The failure of France, Germany and particularly Italy to deliver on the commitments that they made at Gleneagles represents an unforgivable betrayal of the world’s poorest people, because, in the words of the UN Secretary-General Ban Ki-moon,

“we cannot balance budgets on the backs of the world’s poorest people. We cannot abandon our commitment to the most vulnerable.”

For international development to be effective, it has to be a truly global effort on behalf of all developed nations. The Government must therefore do more to ensure that the future of the world’s poorest remains high not only on their agenda but on the agendas of other members of the international community.

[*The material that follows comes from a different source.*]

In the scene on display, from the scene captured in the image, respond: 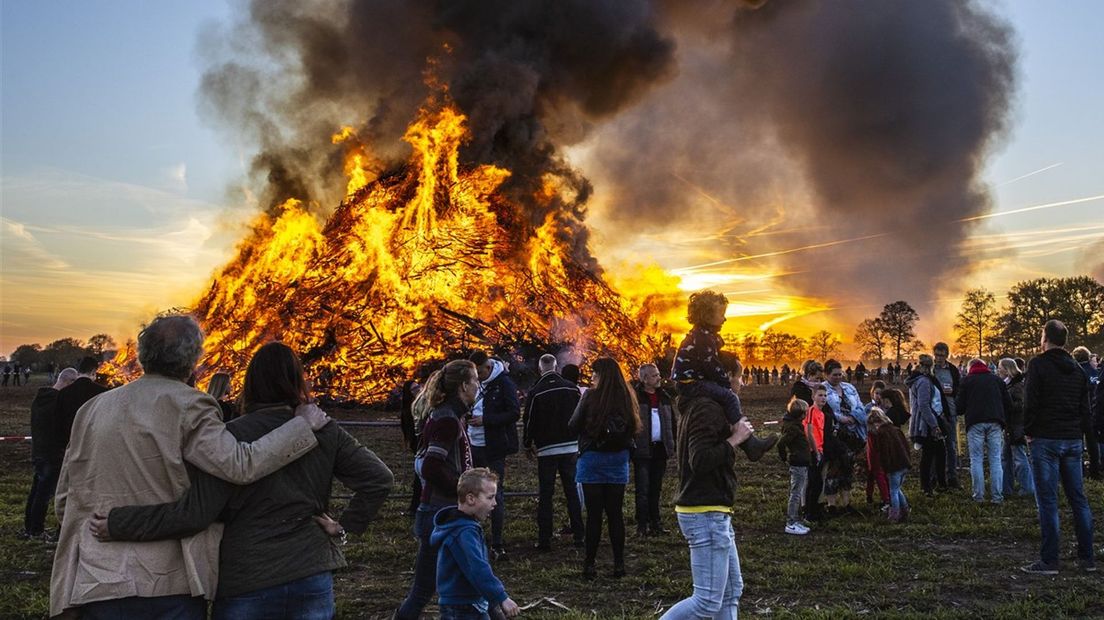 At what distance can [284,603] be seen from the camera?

If we are to address global poverty, we must address its root causes by making the global economy work better for the poorest nations. On a practical level, that means that we must ensure that the consistent and coherent approach adopted by my right hon. Friend the Member for Paisley and Renfrewshire South (Mr Alexander)—to whose contribution as the former Secretary of State for International Development I pay tribute—is kept as a part of our international trade policies by firmly placing development as their core guiding principle.

We also need to reform global financial institutions such the World Bank and International Monetary Fund by making their decision making processes more transparent and inclusive. We need to do much more to monitor and regulate international business and the impact that it has on the environment, because the effects of climate change are making it even harder than before to tackle global poverty. Developing nations now need significant sums of additional finance just to help them adapt to climate change.

Perhaps most importantly, we need to prevent tax avoidance in developing countries by helping to build and strengthen their tax administration and collection systems. More effective tax collection is vital because not only does it provide a sustainable stream of finance for developing countries but it promotes stronger governance through an accountable state-citizen relationship. The increased stability that it brings significantly enhances the prospects of economic growth.

The UN millennium development goals meeting in New York later this year represents a major opportunity to agree urgent action on behalf of the world’s poorest children. Globally, millions of children still have to work to survive and are having their rights denied as a result of poverty. In order to secure the best possible deal, the Government must, from the outset, put forward a clear agenda for the meeting in terms of the key objectives they wish to obtain. Otherwise they will risk having a re-run of the shocking episode that took place over the last weekend.

At a time when people question whether there is a global role for Britain to play in today’s world, what better role can there be for us than that of the leading voice for international development?